Report every line below that carries the word "Small".

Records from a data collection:
################

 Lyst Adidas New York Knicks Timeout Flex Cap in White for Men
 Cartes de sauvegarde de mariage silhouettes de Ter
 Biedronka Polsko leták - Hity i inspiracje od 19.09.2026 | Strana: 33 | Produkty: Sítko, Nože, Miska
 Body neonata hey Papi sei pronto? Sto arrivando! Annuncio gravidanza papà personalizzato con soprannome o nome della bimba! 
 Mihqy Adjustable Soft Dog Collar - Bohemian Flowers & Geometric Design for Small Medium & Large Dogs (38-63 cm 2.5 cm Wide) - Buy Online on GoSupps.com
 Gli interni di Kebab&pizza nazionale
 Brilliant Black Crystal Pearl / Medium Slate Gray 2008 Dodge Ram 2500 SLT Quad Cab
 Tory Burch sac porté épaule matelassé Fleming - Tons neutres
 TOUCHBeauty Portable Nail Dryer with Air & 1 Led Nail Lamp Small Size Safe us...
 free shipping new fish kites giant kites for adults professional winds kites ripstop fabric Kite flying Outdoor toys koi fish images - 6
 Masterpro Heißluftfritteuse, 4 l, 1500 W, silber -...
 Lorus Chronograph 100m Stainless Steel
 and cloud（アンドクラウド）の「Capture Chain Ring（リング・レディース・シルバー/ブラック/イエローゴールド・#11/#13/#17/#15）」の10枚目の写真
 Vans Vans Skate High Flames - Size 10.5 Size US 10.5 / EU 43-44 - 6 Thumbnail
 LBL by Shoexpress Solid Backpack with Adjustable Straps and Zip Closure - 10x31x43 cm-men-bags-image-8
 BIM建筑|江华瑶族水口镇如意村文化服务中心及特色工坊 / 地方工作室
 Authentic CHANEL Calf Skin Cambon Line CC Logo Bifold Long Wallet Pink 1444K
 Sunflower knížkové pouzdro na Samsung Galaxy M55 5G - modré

################

The completed task:
 Mihqy Adjustable Soft Dog Collar - Bohemian Flowers & Geometric Design for Small Medium & Large Dogs (38-63 cm 2.5 cm Wide) - Buy Online on GoSupps.com
 TOUCHBeauty Portable Nail Dryer with Air & 1 Led Nail Lamp Small Size Safe us...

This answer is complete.